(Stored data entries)
-.-.-

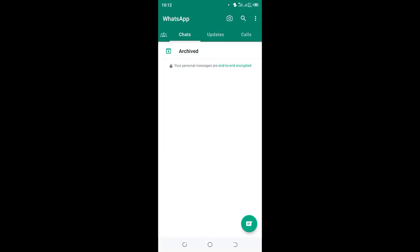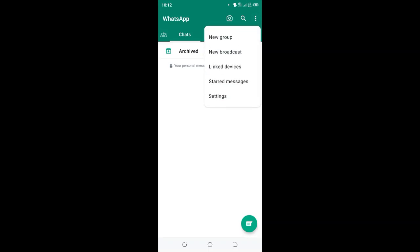Welcome to this tutorial on how to change your WhatsApp app language to English if it's in another language. First, click the three-dotted icon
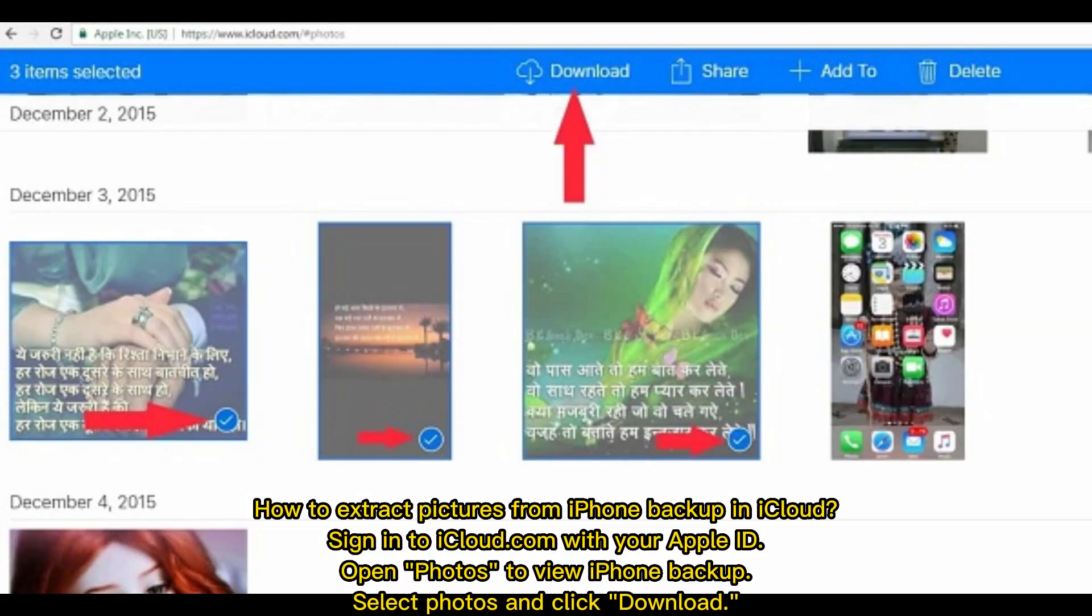How to extract pictures from iPhone backup in iCloud: Sign in to iCloud.com with your Apple ID, open Photos to view iPhone backup, select photos, and click Download.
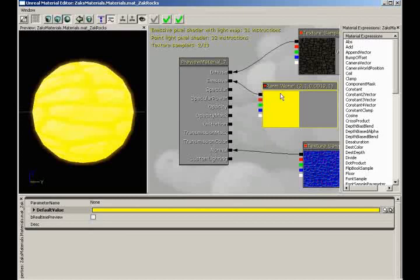For example, we could have a texture that looked like a checkerboard — black and white checkers. We could multiply this yellow color by that checkerboard. Every place there's black, that's a value of zero. If you multiply the yellow RGB color by an RGB value of zero, zero, zero, you end up with a result of zero — meaning that particular area would not be emissive. You'd have yellow glowing checkers and areas that weren't glowing.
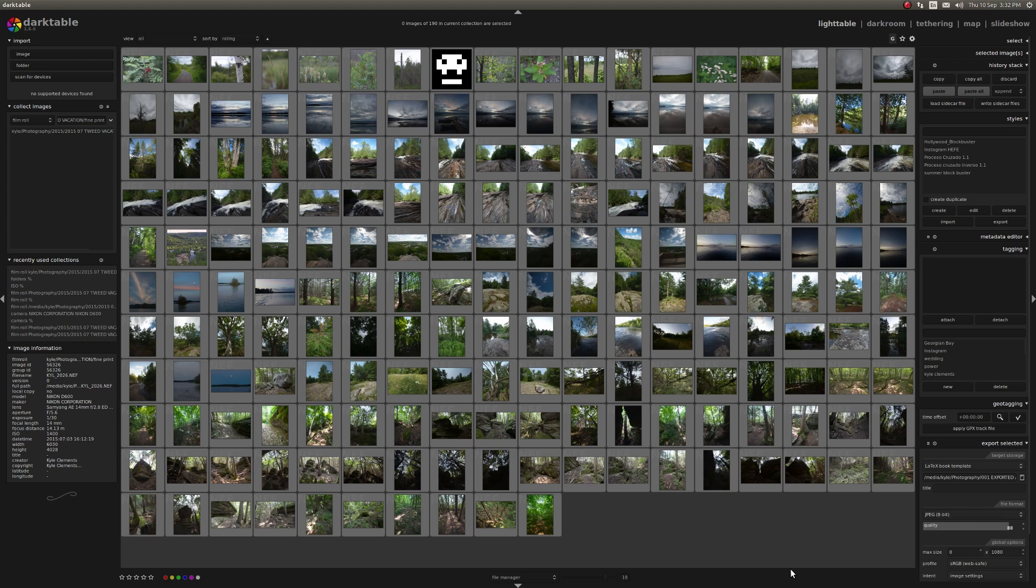Hello, Kyle here. I thought I'd give a brief introduction to the Darktable user interface. As you can see, the workspace is divided into three separate columns.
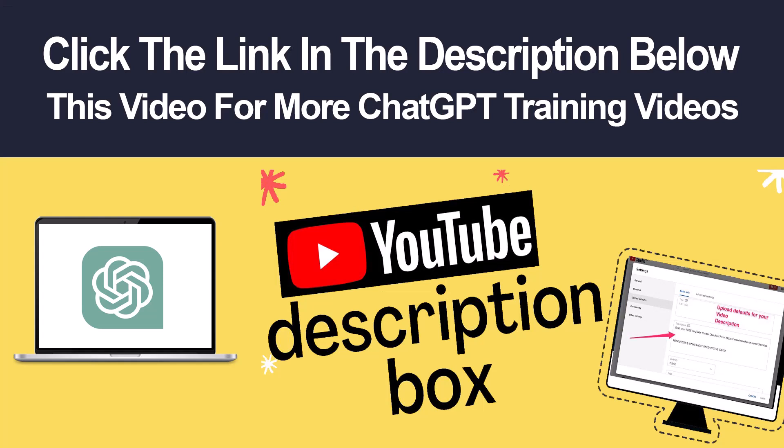Hey, this is ChatGPT North. Thanks again for watching the video. If you'd like to get more videos like this, click the link below this video and we'll have some more videos for you that you can watch that will teach you how to use ChatGPT for beginners. Thanks again. Talk to you soon. Bye-bye.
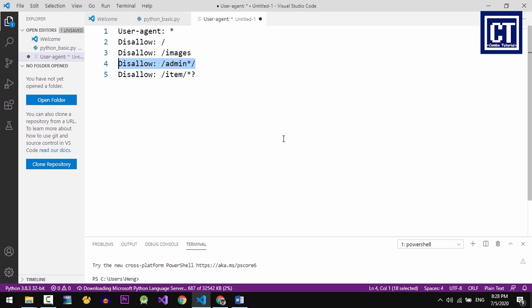So let's take a look at line number 5, which means block access to dynamically generated URLs that contain question marks, for example. So let's go to the browser for a real example.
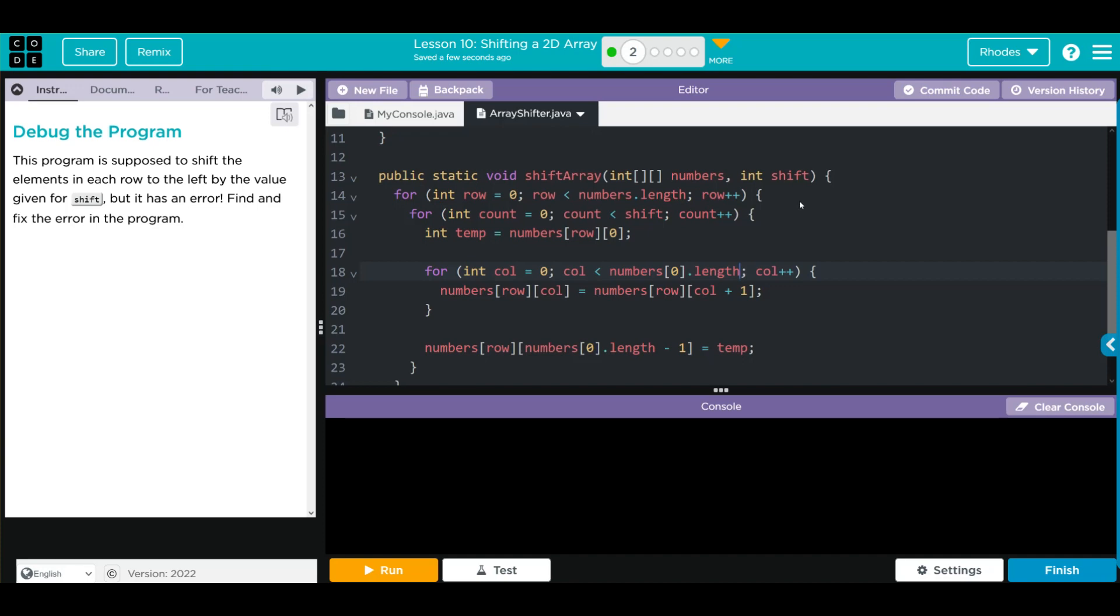If you remember from the last lesson, much like when we're trying to swap elements, we need a temporary variable because once we swap something into an element we're going to lose that value. We are storing our temporary variable here, and that is the first element.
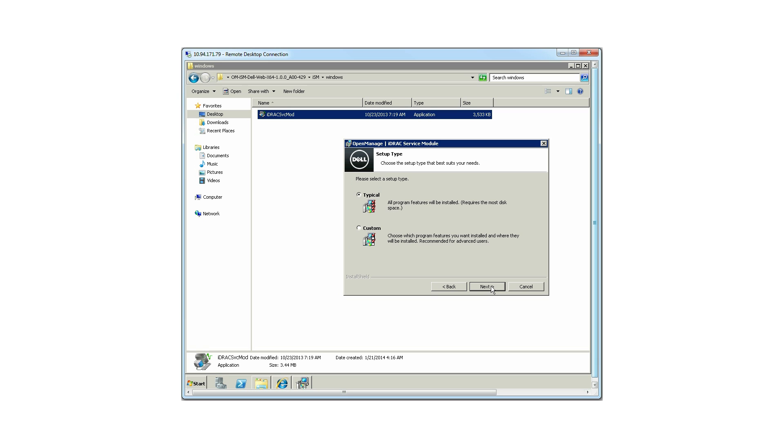You can either select a typical or custom setup type. By default, typical is selected. If you select custom, you can select the following features to be installed.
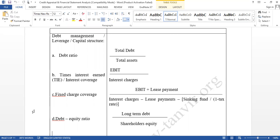The ratios are simple. The first one is debt ratio. How can we calculate debt ratio? Total debt divided by total assets.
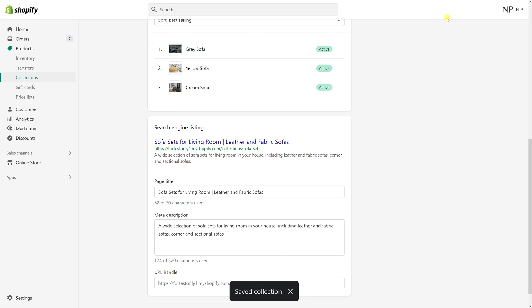This is how you add the page titles and meta descriptions in Shopify collections. So I hope you found the short video useful and for more Shopify tutorials please ensure you subscribe to my channel. Thank you.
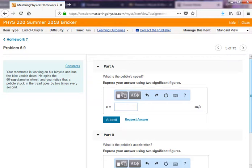Problem 6.9: your roommate is working on his bicycle and has the bike upside down. He spins the 60-centimeter-diameter wheel — so 0.60 meters — meaning the radius is 0.30 meters. You notice that a pebble stuck in the tread goes around 2 times every second. So how long does it take to go around just once? That's the period. If it goes around 2 times per second, the period is half a second. Part A asks: what is the pebble's speed?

-.-.-

— Task to complete —
Extract the part of the records that opens with the line containing "Hey, this is" and closes with the line containing "You can either". Take only those lines, exactly, and no pictures.

— Response area —
Hey, this is ChatGPT North. Thanks again for watching the video. If you'd like to get more videos like this, click the link below this video and we'll have some more videos for you that you can watch that will teach you how to use ChatGPT for beginners. Thanks again. Talk to you soon. Bye-bye.
So let's take a look at line number 5, which means block access to dynamically generated URLs that contain question marks, for example. So let's go to the browser for a real example.
If you remember from the last lesson, much like when we're trying to swap elements, we need a temporary variable because once we swap something into an element we're going to lose that value. We are storing our temporary variable here, and that is the first element.
You can either select a typical or custom setup type. By default, typical is selected. If you select custom, you can select the following features to be installed.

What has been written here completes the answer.